On June 7, the Department of Justice (DOJ) announced that it seized 63.7 of the 75 bitcoins paid by Colonial Pipeline to ransomware attackers last month. The recovered bitcoins were valued at $2.3 million at the time of seizure. The seizure represents a significant victory for the DOJ as it steps up efforts to combat cyberattacks.

The Colonial Pipeline attack disrupted operations that supplied roughly 45% of the East Coast’s fuel. This led to gas shortages, price spikes and the federal government declaring a state of emergency in 17 states. Hacking group DarkSide claimed responsibility and announced its “retirement” shortly after, citing its own monetary success and increasing pressure from U.S. law enforcement.

The US Government Increases Its Focus on Cybersecurity

A seizure of this magnitude is relatively unusual and demonstrates the attention and resources that the DOJ is devoting to ransomware. Calling ransomware payments “the fuel that propels the digital extortion engine,” the DOJ said it will “continue to target the entire ransomware ecosystem to disrupt and deter these attacks.” The DOJ also thanked Colonial Pipeline for “quickly notifying the FBI when they learned that they were targeted by DarkSide.” 

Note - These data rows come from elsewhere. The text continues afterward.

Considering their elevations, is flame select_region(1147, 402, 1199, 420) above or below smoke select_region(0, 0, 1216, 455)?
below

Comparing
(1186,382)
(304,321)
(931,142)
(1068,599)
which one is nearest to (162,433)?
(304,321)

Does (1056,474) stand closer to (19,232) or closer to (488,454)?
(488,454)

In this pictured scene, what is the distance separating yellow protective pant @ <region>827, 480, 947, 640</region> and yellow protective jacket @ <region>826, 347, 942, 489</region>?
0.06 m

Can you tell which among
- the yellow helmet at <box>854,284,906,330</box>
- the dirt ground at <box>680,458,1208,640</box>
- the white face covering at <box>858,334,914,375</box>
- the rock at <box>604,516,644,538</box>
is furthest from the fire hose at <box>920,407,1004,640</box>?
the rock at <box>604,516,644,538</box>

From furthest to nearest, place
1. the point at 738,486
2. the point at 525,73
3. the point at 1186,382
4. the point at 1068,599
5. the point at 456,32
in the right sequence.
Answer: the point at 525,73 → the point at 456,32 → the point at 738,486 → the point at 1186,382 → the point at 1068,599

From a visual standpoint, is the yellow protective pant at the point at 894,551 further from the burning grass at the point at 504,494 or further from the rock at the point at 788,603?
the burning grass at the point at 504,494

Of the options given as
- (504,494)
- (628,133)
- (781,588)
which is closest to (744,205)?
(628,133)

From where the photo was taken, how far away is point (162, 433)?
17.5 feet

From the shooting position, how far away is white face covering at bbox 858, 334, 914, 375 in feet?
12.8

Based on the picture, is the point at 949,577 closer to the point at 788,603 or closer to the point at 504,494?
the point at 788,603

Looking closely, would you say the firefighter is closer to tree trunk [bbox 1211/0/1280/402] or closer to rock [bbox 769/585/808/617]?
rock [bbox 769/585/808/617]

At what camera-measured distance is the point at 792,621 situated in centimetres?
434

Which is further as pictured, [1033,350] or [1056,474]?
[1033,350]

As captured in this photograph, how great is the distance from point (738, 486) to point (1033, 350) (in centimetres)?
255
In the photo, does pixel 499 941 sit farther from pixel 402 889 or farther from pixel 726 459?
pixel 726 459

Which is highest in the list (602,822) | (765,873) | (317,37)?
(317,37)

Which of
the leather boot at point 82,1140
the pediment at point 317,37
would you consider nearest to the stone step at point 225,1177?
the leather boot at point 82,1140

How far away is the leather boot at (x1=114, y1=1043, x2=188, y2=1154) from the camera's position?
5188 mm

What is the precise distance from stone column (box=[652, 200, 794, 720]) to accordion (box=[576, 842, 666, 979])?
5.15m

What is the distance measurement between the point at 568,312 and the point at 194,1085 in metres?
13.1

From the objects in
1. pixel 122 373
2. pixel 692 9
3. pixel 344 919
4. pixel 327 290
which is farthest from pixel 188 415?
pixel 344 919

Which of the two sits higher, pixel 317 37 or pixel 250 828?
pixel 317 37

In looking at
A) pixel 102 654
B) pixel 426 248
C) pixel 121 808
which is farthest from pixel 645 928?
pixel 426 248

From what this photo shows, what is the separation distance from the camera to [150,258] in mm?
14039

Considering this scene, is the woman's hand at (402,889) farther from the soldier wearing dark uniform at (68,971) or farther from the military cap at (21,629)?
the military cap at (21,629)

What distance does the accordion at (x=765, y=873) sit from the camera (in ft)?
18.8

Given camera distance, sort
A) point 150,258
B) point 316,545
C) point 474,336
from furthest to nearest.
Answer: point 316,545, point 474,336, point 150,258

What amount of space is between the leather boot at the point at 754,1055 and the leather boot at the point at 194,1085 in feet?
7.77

The FBI touted the seizure as proof that there is “no place beyond the reach of the FBI to conceal illicit funds that will prevent us from imposing risk and consequences upon malicious cyber actors.” The FBI traced the transfer of bitcoins paid by Colonial Pipeline until they reached digital wallets that the FBI could subject to seizure.

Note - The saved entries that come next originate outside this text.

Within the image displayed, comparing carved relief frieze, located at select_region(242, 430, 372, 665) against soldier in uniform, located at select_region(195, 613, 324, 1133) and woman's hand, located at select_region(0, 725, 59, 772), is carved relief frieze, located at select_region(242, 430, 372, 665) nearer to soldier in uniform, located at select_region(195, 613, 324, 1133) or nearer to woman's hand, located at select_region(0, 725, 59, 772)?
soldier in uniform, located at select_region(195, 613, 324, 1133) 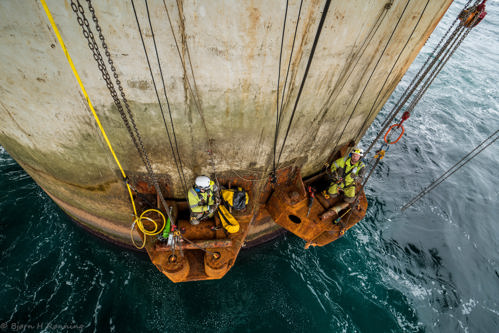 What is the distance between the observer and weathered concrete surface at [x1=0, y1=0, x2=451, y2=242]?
3.42m

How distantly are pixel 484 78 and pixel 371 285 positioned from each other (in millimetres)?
26251

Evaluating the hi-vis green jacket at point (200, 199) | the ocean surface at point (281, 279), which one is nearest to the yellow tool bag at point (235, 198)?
the hi-vis green jacket at point (200, 199)

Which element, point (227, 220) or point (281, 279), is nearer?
point (227, 220)

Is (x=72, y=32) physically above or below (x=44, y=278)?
above

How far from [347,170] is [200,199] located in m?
4.32

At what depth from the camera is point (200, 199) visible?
560cm

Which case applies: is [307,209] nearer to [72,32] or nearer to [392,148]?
[72,32]

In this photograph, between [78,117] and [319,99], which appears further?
[319,99]

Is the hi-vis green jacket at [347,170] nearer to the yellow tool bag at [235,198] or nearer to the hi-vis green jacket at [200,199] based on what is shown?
the yellow tool bag at [235,198]

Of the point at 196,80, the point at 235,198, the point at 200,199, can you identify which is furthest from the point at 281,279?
the point at 196,80

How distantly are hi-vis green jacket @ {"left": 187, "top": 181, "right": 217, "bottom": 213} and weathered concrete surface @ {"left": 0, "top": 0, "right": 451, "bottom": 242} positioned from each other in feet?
1.57

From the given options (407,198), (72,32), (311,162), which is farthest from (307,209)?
(407,198)

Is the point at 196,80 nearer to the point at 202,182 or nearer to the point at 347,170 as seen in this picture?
the point at 202,182

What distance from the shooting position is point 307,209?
6566mm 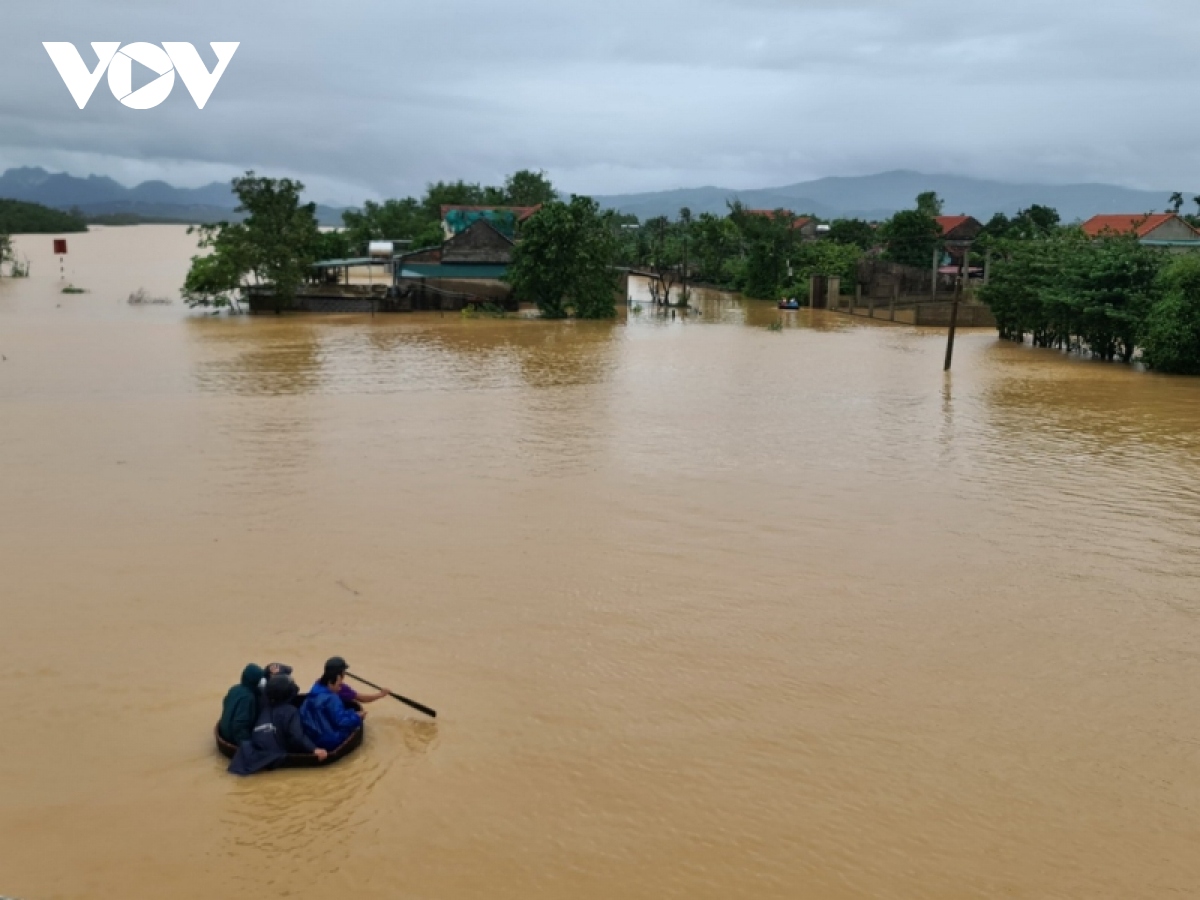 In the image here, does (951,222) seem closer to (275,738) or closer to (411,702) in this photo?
(411,702)

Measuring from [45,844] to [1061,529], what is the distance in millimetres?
11152

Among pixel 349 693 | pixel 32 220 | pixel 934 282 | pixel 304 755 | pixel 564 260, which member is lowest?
pixel 304 755

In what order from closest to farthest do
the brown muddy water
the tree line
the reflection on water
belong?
the brown muddy water → the reflection on water → the tree line

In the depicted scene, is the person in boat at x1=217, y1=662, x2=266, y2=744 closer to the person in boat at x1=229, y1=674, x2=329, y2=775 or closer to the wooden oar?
the person in boat at x1=229, y1=674, x2=329, y2=775

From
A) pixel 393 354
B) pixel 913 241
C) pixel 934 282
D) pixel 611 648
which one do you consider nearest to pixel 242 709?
pixel 611 648

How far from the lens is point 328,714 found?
7.47 metres

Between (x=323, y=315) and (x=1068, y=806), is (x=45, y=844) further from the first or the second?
(x=323, y=315)

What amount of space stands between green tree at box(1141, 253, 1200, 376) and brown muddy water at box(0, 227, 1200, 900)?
22.4ft

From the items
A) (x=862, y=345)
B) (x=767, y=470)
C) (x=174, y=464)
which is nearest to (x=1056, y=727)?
(x=767, y=470)

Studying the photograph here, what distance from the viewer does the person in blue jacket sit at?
7.39m

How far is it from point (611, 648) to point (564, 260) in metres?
30.6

The DOJ’s increased focus on ransomware attackers is in line with the executive branch’s heightened scrutiny of cybersecurity. In direct response to the recent SolarWinds and Colonial Pipeline attacks, President Biden issued an executive order on May 12 enhancing the cybersecurity requirements for government agencies and contractors. These include requirements to share threat information between the public and private sectors, standards for securing the supply chain of government-procured software, guidelines for testing that code, and special rules for handling a new class of “critical software.” Government agencies may not obtain or renew contracts for software that fails to meet these standards. 

These cybersecurity standards will likely reach beyond government contracts. Last week, following another ransomware attack, this time on JBS’s beef, pork and poultry plants, the White House issued an open letter urging private companies to adopt many of the measures required by the May 12 executive order. 

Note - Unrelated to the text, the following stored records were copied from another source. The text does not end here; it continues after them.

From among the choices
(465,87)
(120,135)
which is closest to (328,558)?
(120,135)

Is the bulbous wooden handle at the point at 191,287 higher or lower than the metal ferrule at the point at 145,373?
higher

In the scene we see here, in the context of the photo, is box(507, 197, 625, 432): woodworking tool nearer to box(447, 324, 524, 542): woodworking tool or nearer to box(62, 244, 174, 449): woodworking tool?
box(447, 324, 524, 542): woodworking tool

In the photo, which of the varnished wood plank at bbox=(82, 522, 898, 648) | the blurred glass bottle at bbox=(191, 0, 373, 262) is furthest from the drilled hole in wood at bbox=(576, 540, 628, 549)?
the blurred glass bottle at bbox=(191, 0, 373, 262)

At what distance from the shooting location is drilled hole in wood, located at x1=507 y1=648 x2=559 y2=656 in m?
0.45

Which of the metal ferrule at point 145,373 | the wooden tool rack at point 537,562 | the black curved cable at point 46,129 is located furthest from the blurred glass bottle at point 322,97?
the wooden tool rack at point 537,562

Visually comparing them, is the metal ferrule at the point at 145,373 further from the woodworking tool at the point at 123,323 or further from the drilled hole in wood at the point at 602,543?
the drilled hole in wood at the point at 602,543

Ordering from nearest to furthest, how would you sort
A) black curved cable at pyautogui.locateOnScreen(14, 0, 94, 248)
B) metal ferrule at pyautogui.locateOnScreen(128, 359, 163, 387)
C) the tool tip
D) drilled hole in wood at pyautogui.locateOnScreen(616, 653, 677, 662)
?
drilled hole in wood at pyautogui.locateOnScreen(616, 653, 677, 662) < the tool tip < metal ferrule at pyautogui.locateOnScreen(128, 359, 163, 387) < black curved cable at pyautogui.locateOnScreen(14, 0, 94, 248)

Ransomware Payments Still Discouraged

Although the FBI recovered most of the bitcoins paid by Colonial Pipeline, and the DOJ praised it for quickly contacting law enforcement, the FBI officially discourages ransomware payments. The Office of Foreign Assets Control also warns that victims who pay ransoms to bad actors could face sanctions under Anti-Money Laundering laws and FinCEN regulations. State and local agencies also discourage ransomware payments, including the New York State Department of Financial Services, which recommends against paying ransom to avoid fueling “ever more frequent and sophisticated ransomware attacks.”